Autour du monument s’organisait un véritable ensemble funéraire : une terrasse monumentale, un bâtiment semi-excavé et une statue sculptée dans la pierre locale, représentant un prisonnier d’Orient, un trophée souvent réservé à l’Empereur de Rome ou aux très hauts militaires. Autant d’éléments témoignant du prestige et de la puissance de celui qui fut honoré en ce lieu, et de la volonté de ses proches de l’inscrire durablement dans le paysage des Turons.



Histoire actuelle
Longtemps objet de controverses, le rôle de cette pile gallo-romaine a posé question pendant de nombreuses années.

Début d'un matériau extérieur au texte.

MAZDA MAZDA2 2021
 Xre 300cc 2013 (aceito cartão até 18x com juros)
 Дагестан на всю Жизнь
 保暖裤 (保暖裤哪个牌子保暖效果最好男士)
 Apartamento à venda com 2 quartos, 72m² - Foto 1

Dès 1770, certains la considéraient comme un trophée militaire élevé en mémoire de la conquête de la Gaule par César ; d’autres pensaient qu’il s’agissait d’un temple servant de prétoire en plein air (lieu où se rendait la justice), d’une borne-frontière, ou encore du tombeau de cinq guerriers. Ce n’est qu’à partir des fouilles de 2005 que la communauté scientifique a pu trancher en faveur d’un monument funéraire.
La pile de Cinq-Mars est classée Monument Historique depuis 1840. Il existe aujourd’hui très peu de vestiges antiques visibles dans le département d’Indre-et-Loire, c’est pourquoi la pile de Cinq-Mars est si exceptionnelle. Il s’agit en effet de la plus haute pile funéraire de Gaule encore debout, mais aussi de toutes les piles funéraires connues du monde romain la plus intacte, et la seule entièrement parementée de briques.
Anecdotes
- L’écrivain Rabelais fait mention de la pile dans Gargantua, faisant d’elle la seule pile qui soit entrée dans la littérature.
- Le nom même de « Cinq-Mars » reste encore à interprétation : la commune s’appelait à l’origine Sanctus Medardus (saint Médard), qui devint Saint-Mars au XIIe siècle, avant que des érudits locaux la nomme Cinq-Mars au XVIe siècle, prétendument en lien avec une légende locale évoquant cinq guerriers ensevelis sous la pile. Des archéologues tourangeaux du XIXe siècle justifièrent de leur côté le nom par la présence d’une cinquième colonnette aujourd’hui disparue.